Another witness was Michael Schofield, social psychologist
, teacher and popular author. His expertise ranged from studies on marijuana to the sexual behaviour of young people. Schofield had sat on Baroness Wootton’s Committee of Enquiry into cannabis use, so I asked him for his estimation of the weed’s worst effect: ‘That it leads to malpractices among the police.’ As far as he could tell, the information in Oz concerning drugs was accurate.
‘All of it?’ enquired the judge.
‘Yes.’
‘What about this statement about LSD on page thirty-two by one Hermann Hesse: “Price of admission your mind”?’
‘Especially that.’
The judge turned his back.
After several hours of testimony, Brian Leary asked Schofield for his evaluation of the Rupert Bear cartoon.
‘It’s a joke. Rupert Bear is behaving in a way one would not expect a little bear to behave.’
‘Yes, but what sort of age do you think Rupert is?’
‘I’m very sorry. I’m not up to date with bears.’
‘You don’t have to be, because he doesn’t change, does he?’
The witness shook his head in disbelief and the judge helped out: ‘What age do you think Rupert is intended to be, a child, an adult or what?’
‘It’s an unreal question. You might as well ask me how old is Jupiter.’
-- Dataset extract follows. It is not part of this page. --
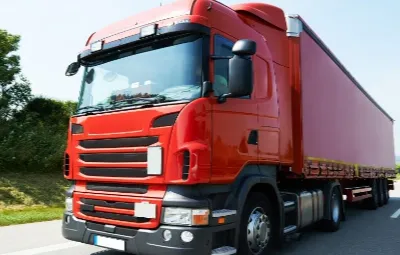 İstanbul Karlıova Ambar Kargo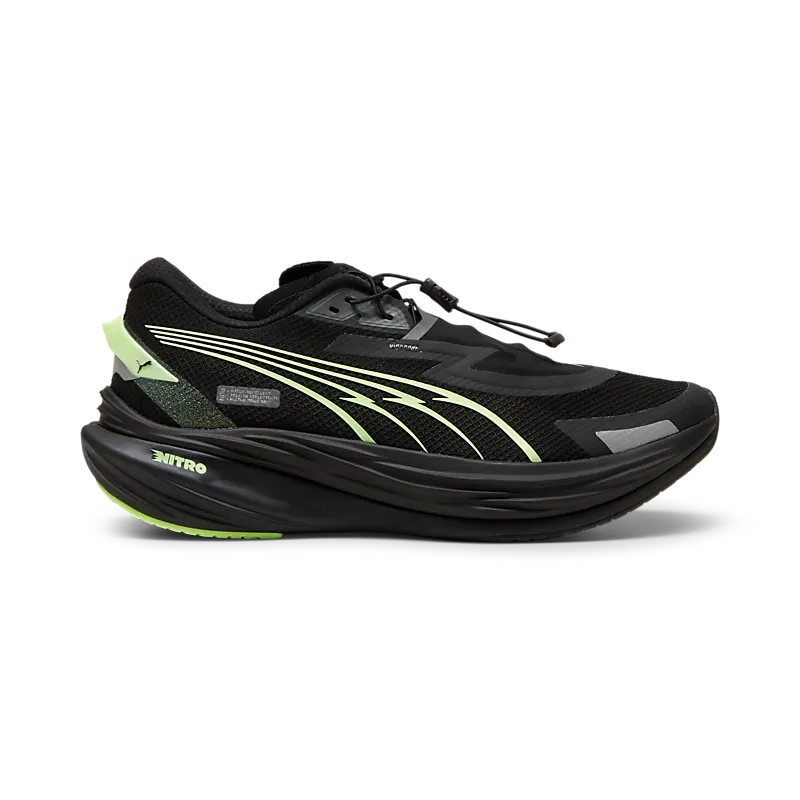PUMA Deviate Nitro Wtr 3 herre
‘He’s a young bear, isn’t he?’ asked Leary. ‘He goes to school.’
‘I don’t know whether he goes to school or not. I’m not as well informed about bears as you are. I’m a psychologist.’
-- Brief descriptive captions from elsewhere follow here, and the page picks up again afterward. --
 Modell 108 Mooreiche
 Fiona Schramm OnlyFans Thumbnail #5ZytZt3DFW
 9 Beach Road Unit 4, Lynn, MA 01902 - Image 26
Laughter filled the court and the judge asked the police to restore order. Then he sent out the jury and hit me with a left jab.
18
am I WAKING you UP?
Argyle fixed me with a look. ‘I notice you have a drugs matter coming before this court. I wish to fix a date.’
This was the last thing I had expected. From the look on the faces of the lawyers – including Brian Leary – it was the last thing anyone had expected. ‘Your Lordship, I haven’t started to think about . . .’
‘My intention is to proceed with the matter, as soon as we’re finished with Oz.’
‘You mean – appear before you?’ I was dumbfounded.
‘I have the advantage over my colleagues, in that I am already familiar with the personalities.’